I was expanding on some of the recent history for Fletnern, and I had a semi-emotional feeling. I was writing about the Vile Ones, the tribe of orcs who were the tops dogs. (If you read 13 Tribes, you will see that the Crooked Swords are now the top tribe.) Anyway, to me, the Vile Ones should instill fear in the hearts of the commoners around the city of Parnania. Now how to get that feeling into the players?
Reputations are a funny thing in role-playing games. The characters know far more than the players ever could. This means that when you’re introducing missions, you need to say things like, “You’ve known about and feared the Vile Ones tribe your whole life. These orcs are known as the best warriors and the most ruthless mercenaries in the Central Plains.” Of course, if you say that, most players immediately start arguing that their characters aren’t afraid of anything, least of all some orcs, but the truth is, this tribe of orcs dominated the region for a generation.

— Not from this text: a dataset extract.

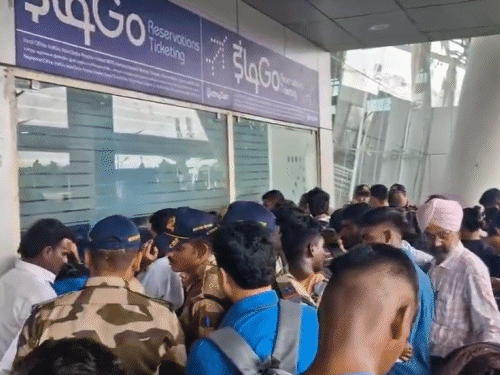 चेन्नई एयरपोर्ट पर इंडिगो के ऑफिस के सामने यात्रियों की लंबी कतारें लगी हुई हैं।
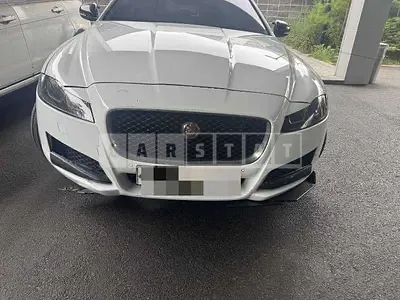 Photo 1 of 14: 2017 Jaguar XF 20d — Korean insurance auction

Even the most skilled warrior would have a little twinge in the pit of his gut when the Vile Ones are mentioned. He probably lost family members to their assaults.
Then I thought - well, is it fair that I assume that everyone knows who these guys are. After all, the orcish army was huge; would every peasant know the Vile Ones. Yeah - I think so. The story tellers and news bringers of that time would want to tell the most exciting stories, so they would enhance the reputations of the major players. In modern times, everyone knows who the KGB were (are?). Think about the Iraqi Republican Guard. Before Desert Storm, the news media portrayed these soldiers as the most dangerous military on the face of the earth. Afterwards they are best remembered by the joke - Iraqi guns for sale, only dropped once. Are either of these valid - of course not! They are both exaggerations, but with enough storytelling, they are believed.
In my games, the players normally don’t care what the reputation of a group is, if they have a reputation. I write all this cool background stuff, and people seldom care. (Look back at my last entry about how huge Fletnern is, and it might explain why they don’t care. They simply cannot know it all.) What they notice is when a group doesn’t have a reputation. If they never heard of them before, then they know they’re insignificant.